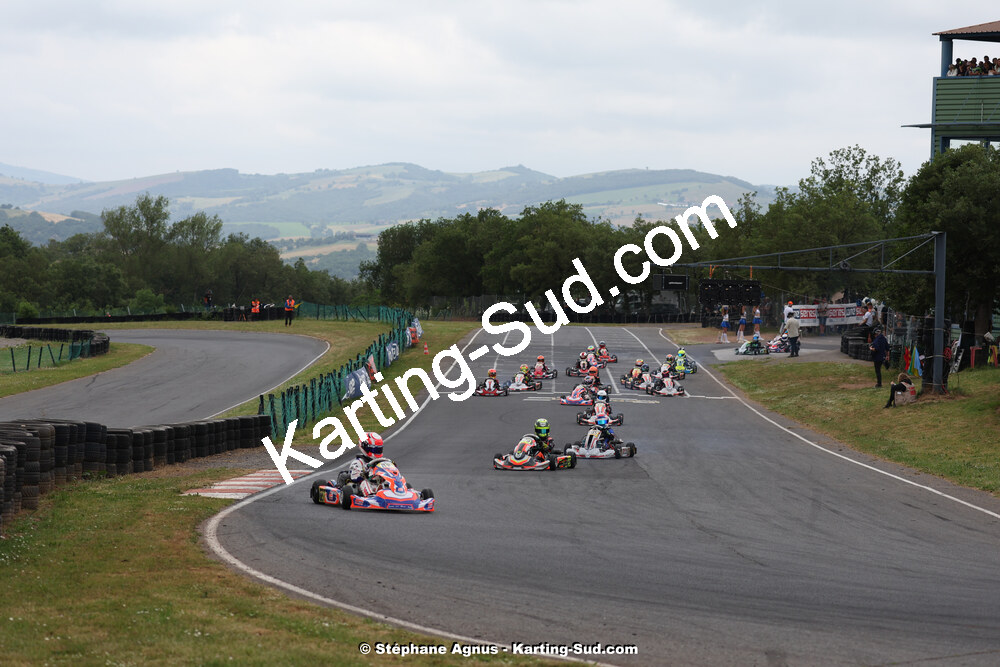 08 & 09/06/2024 : IAME Series France au circuit Karting Plus à Belmont sur Rance (photos Stéphane Agnus) 2024 — karting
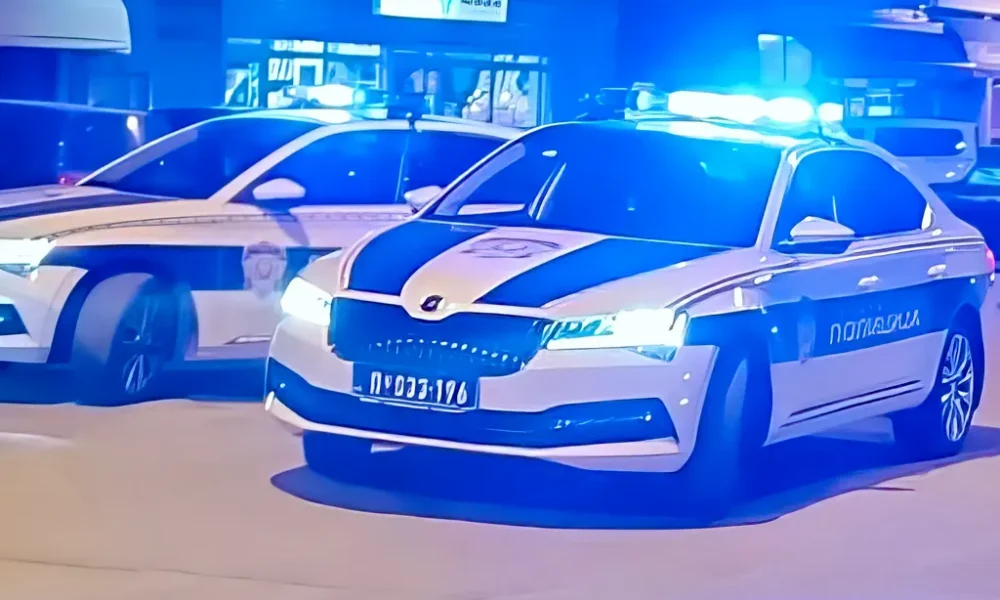 A szerbiai közlekedési rendőrség a bűnügyi rendőrséggel együttműködve kapta el a férfit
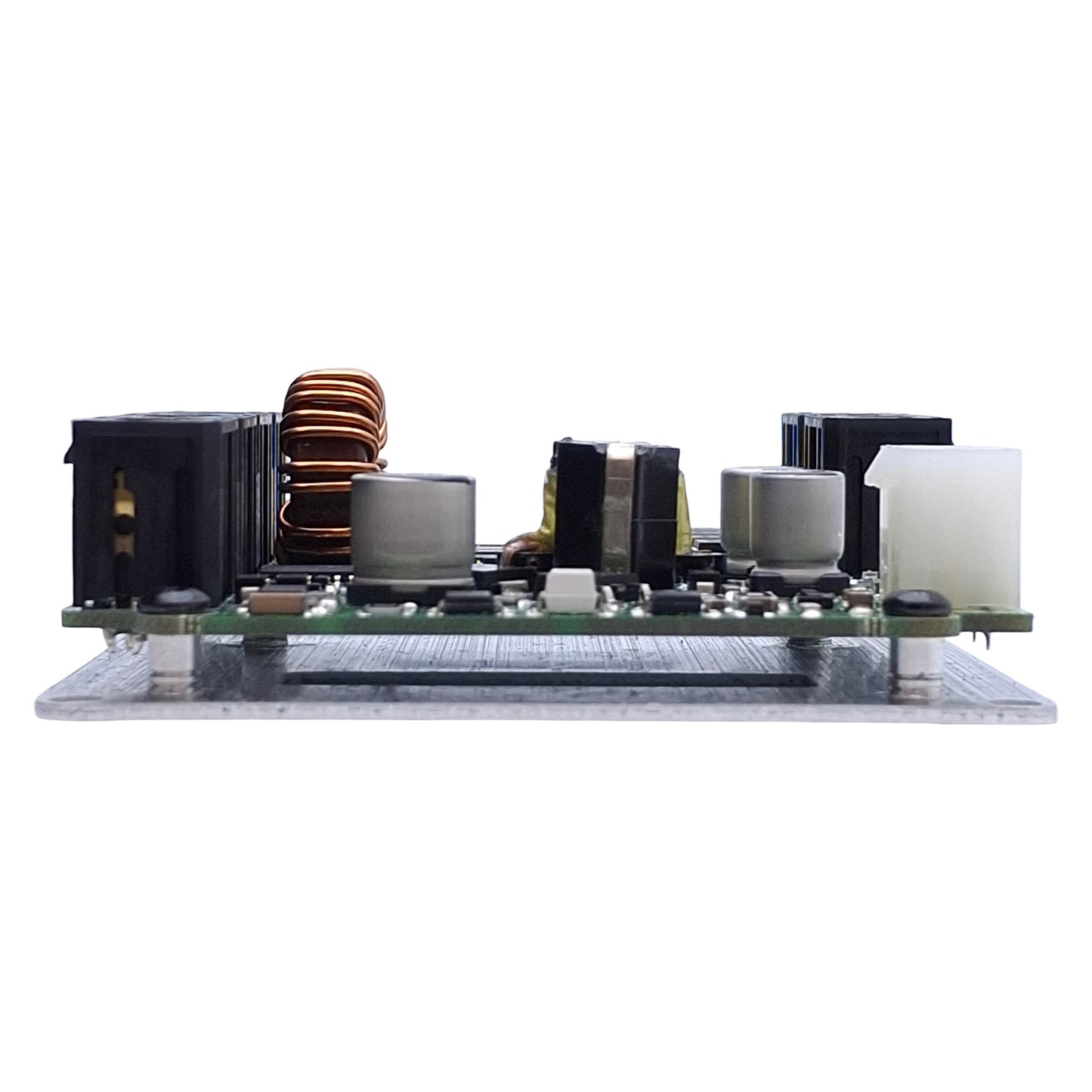 Used Teknic POWER4-HUB DC Power Distribution Hub 24-75VDC In, 2-Pin Sabre 2-Pin Molex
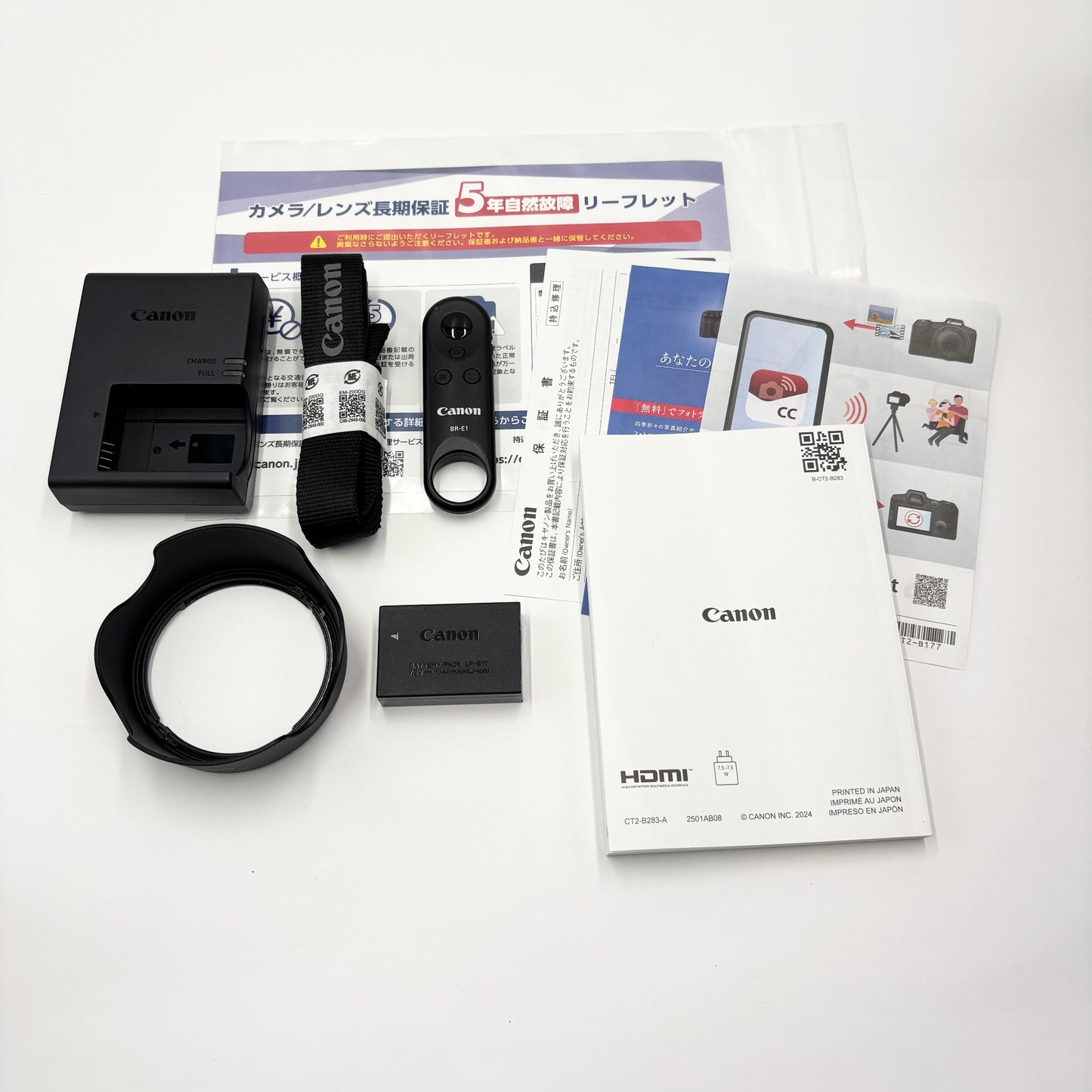 美品 Canon EOS R50 V RF-S14-30 IS STM PZ レンズキット【C5727-80】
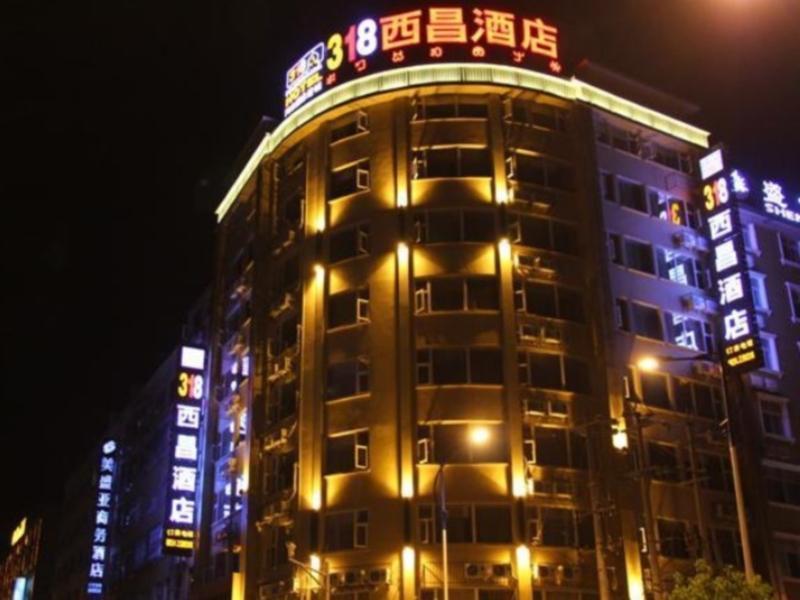 318 Express Motel Xichang Экстерьер фото
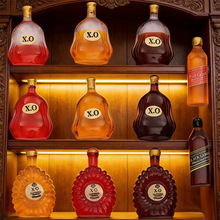 仿真迷你酒瓶 洋酒瓶 红酒瓶 diy手工饰品材料 树脂配件 迷你摆件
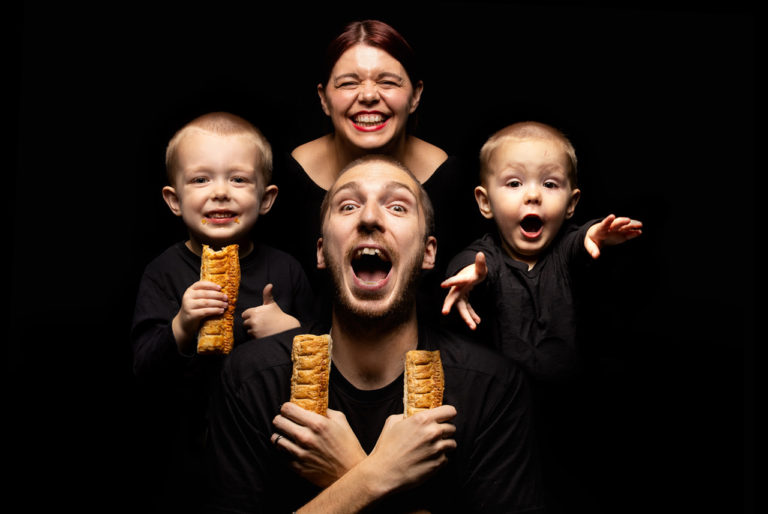 How LadBaby’s songs about sausage rolls have shined a light on food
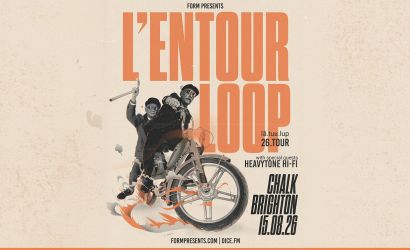L'Entourloop  at Chalk, Brighton
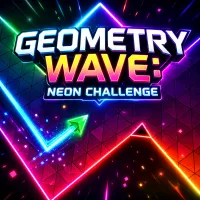 Geometry Wave: Neon Challenge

THE TASK:
All lines from the one holding "at Chalk, Brighton" through the last line of the material above should be set down exactly, and the pictures should be left out.

RESPONSE TO THE EXERCISE:
L'Entourloop  at Chalk, Brighton
 Geometry Wave: Neon Challenge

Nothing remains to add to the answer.